So how can schools teach in response to this? How do universities remain attractive and how can companies attract, and more importantly, retain the best talent?

With Blended learning, online platforms and creative certification all easily available, it’s the learners, not the institutions that are leading the charge in innovation. But what Will touched upon was that it’s now the brands that are getting involved in the dynamics of change. Levis, Converse, Red Bull and Intel have all set up some sort of skills or learning program that looks to integrate local mentorship opportunities for youth. Some of these new programs and competitions geared towards the creative disciplines help thirsty and talented students get hands-on experience and a level of exposure not usually available in the typical learning environment.

If all of the above is true, and we take in all of these changes in learning in our world today, does this mean the classroom is dead? Do we still need physical campuses? Absolutely, our panelists agreed. We still need physical space to meet and interact as humans, and use our soft-skills. What this physical space is, and looks like, nobody could necessarily predict, however, all agreed there has to be a significant change in the way we begin to better understand the needs of all learners today, in a rapidly-changing society.
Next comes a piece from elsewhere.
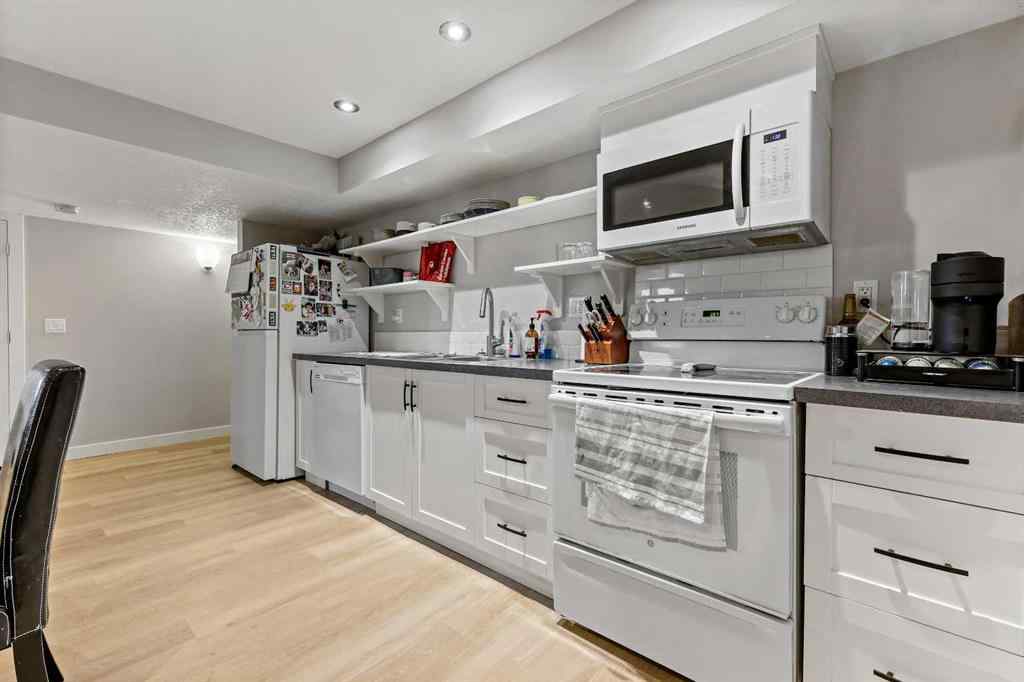 MLS® A2262740 - 2003 117 Avenue SW in Woodlands Calgary, Residential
So, the challenge to design and provide for these spaces is still a live debate, but we at least have a better grasp on how our lives are being affected, and we can prepare and cater to this dynamic world of constant flux and influences, with the ‘smart,’ adaptable and agile user in mind.

Maria Nesdale is an architect who is driven to design buildings that will withstand the test of time. As regional practice area leader for education and culture at Gensler London she is deeply involved in designing enhanced learning environments that deliver a vastly enhanced learning experience for all levels of student. Contact her at maria_nesdale@gensler.com.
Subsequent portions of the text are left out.